According to the institute, the significant gap between inflation and the policy rate had compelled banks to access Central Bank funds at cheaper rates and on-lend to the government at higher rates, which was impacting negatively on the economy.
“The decision regarding the PR is rather tricky and challenging at this time. We note that a significant gap has opened between the PR, at 24.5 per cent, and inflation, at 40.5 per cent. This is not uncommon. However, it is rather unusual, especially in the Ghanaian context, where the real PR has been, more often than not, positive. Similarly, the PR has fallen far behind Treasury Bill rates, which are over 35 per cent,” it stated in a statement signed by the Director of Research, Dr John Kwakye.
“This has caused misalignment between the rates and increased the potential for “round-tripping,” to the extent that it is possible for banks to access Central Bank funds at cheaper rates and on-lend to the government at higher rates. It is also the case that major economies, such as US and UK, have further tightened their policies, increasing the pressure on the currencies of emerging markets and developing countries,” it explained.
Furthermore, the IEA said pressure would mount on the PR since the Bank of Ghana and government were not implementing adequate intervention measures to target directly the underlying causes of inflation.
“Already, interest rates have reached prohibitive levels and hurting the real economy as the cost of doing business has escalated.

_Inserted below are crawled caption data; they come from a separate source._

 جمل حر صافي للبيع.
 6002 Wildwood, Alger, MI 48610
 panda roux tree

Reducing the growth projection for 2022 from the original 5.8 per cent to 3.7 per cent in the Mid-Year Budget attests to a slowing economy,” it said.

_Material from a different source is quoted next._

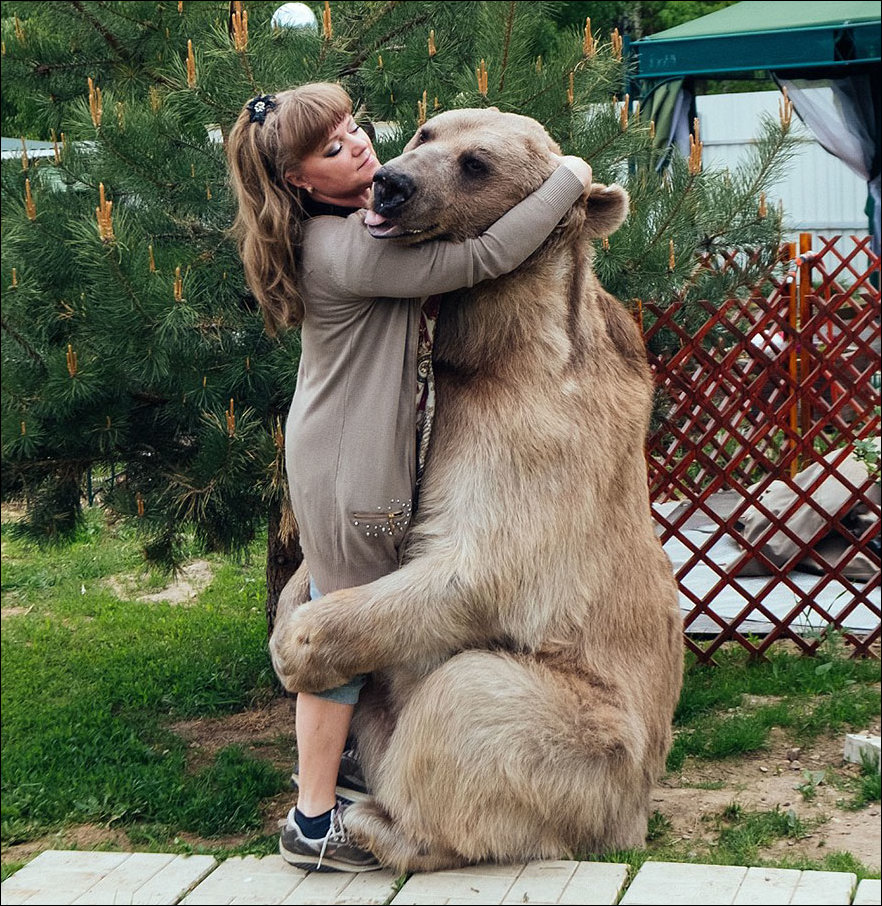 медведь Степан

Notwithstanding, the IEA said inflation was of greater concern and must be the first target of policy, noting “our view is that inflation may go up further in November (2022), reflecting the pipeline pressures, before possibly slowing in December (2022), reflecting the slight decrease in fuel prices and a measure of stability on the foreign exchange market.”
Again, it said some further increase in the PR might be necessary to consolidate the incipient stability and reassure the markets of the strong commitment to fighting inflation.
“From that standpoint, I expect the PR to be increased by 200 basis points to 26.5 per cent,” it said.
The IEA also expressed happiness that then Bank of Ghana had initiated actions to check some of the abuses of the forex rules and regulations.
This follows calls on the Central Bank to enforce the forex rules, including limits on forex carry-on by travellers, dealings in forex, pricing of goods and services in forex, transfers through banks and unauthorised transfers through forex bureau and other channels.
Furthermore, following the President’s declaration to prioritise imports and restrict importation of certain items, the BoG has followed up by announcing that it will no longer provide forex for importation of those items, which include rice, poultry, vegetable oil, toothpaste, pasta, fruit juice, bottled water, ceramics and tiles.
The IEA stressed that the legitimate question to ask was whether these items would be available in sufficient quantities from local producers, since if shortages should occur, especially ahead of the Christmas period, they could trigger price hikes.
“Given the seasonality of these forex inflows, their disbursement tends to be irregular, which tends to disrupt forex availability and cause volatility in the exchange rate,” it said.